Le journal iranien Farhikhtegan a récemment attaqué le président américain Donald Trump à l'approche de la Coupe du monde organisée par les États-Unis, le Mexique et le Canada. Dans son édition du 10 juin, il a illustré son propos avec un dessin provocateur, représentant Trump frappant un ballon de football, accompagné du titre “Criminel mondial”. Cette caricature vise à dénoncer le climat militarisé qui persiste entre les États-Unis et l'Iran depuis le 28 février.
Le quotidien dépeint la Coupe du monde 2026 comme un événement entaché par le comportement de Trump, qu'il qualifie de “problème majeur” du tournoi. “Le président a appliqué à la gouvernance sportive la même approche qu’en matière de politique étrangère, semblable à un Jimmy Jump insupportable”, écrit Farhikhtegan, en référence à ce célèbre envahisseur de terrains de sport.
Un climat délétère
Les critiques incessantes du président américain sont, selon le journal, une forme d'instrumentalisation de la Coupe du monde. En particulier, la question des visas a jeté une ombre sur la préparation de l'équipe iranienne, avec un refus d'entrée pour plusieurs membres de sa délégation, y compris le président de la Fédération iranienne de football, Mehdi Taj. Cela a entraîné une réorganisation précipitée de leur camp de base au Mexique, et l’équipe ne sera autorisée à entrer aux États-Unis qu'à la veille de chaque match.

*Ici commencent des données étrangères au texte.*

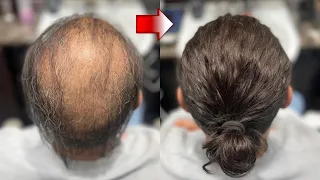 These BALDING to LONG HAIR Look TRANSFORMATIONS Are MIND BLOWING!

Farhikhtegan note que les préoccupations ne se limitent pas seulement à l'Iran. D’autres incidents sont survenus, notamment le refus d'entrée de l'arbitre somalien Omar Abdulkadir Artan et le traitement d’un joueur irakien, soulevant des craintes parmi les supporters du monde entier quant aux possibles complications à la frontière américaine.
En outre, le journal critique la FIFA pour avoir introduit un Prix pour la paix, un geste qu'il considère comme une atteinte à son intégrité. “Le gouvernement américain organise la Coupe du monde dans un climat de critiques croissantes au niveau international. Pour beaucoup, les répercussions du trumpisme dépassent désormais le domaine politique”, conclut le quotidien.